Task details —
Please reproduce exactly the lines from the start of the records through the one containing "Condo, 3 habitaciones", and nothing more.

(Data extracted from a collection)

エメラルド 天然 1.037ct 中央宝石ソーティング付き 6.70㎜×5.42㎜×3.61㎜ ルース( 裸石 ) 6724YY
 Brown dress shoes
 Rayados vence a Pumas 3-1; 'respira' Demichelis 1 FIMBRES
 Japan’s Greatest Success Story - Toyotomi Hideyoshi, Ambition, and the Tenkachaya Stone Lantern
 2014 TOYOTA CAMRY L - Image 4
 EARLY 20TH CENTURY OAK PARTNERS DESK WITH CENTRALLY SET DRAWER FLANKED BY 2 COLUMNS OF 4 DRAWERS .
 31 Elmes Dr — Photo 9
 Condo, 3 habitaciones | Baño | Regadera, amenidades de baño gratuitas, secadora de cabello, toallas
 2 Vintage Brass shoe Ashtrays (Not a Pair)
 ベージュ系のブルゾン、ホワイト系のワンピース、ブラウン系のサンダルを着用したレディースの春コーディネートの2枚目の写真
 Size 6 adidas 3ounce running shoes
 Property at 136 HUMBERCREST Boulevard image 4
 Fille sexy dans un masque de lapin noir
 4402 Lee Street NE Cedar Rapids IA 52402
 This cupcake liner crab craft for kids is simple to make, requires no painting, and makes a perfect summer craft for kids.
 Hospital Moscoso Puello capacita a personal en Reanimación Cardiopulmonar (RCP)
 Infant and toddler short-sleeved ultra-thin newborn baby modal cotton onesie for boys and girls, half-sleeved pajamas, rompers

Solution for this exercise —
エメラルド 天然 1.037ct 中央宝石ソーティング付き 6.70㎜×5.42㎜×3.61㎜ ルース( 裸石 ) 6724YY
 Brown dress shoes
 Rayados vence a Pumas 3-1; 'respira' Demichelis 1 FIMBRES
 Japan’s Greatest Success Story - Toyotomi Hideyoshi, Ambition, and the Tenkachaya Stone Lantern
 2014 TOYOTA CAMRY L - Image 4
 EARLY 20TH CENTURY OAK PARTNERS DESK WITH CENTRALLY SET DRAWER FLANKED BY 2 COLUMNS OF 4 DRAWERS .
 31 Elmes Dr — Photo 9
 Condo, 3 habitaciones | Baño | Regadera, amenidades de baño gratuitas, secadora de cabello, toallas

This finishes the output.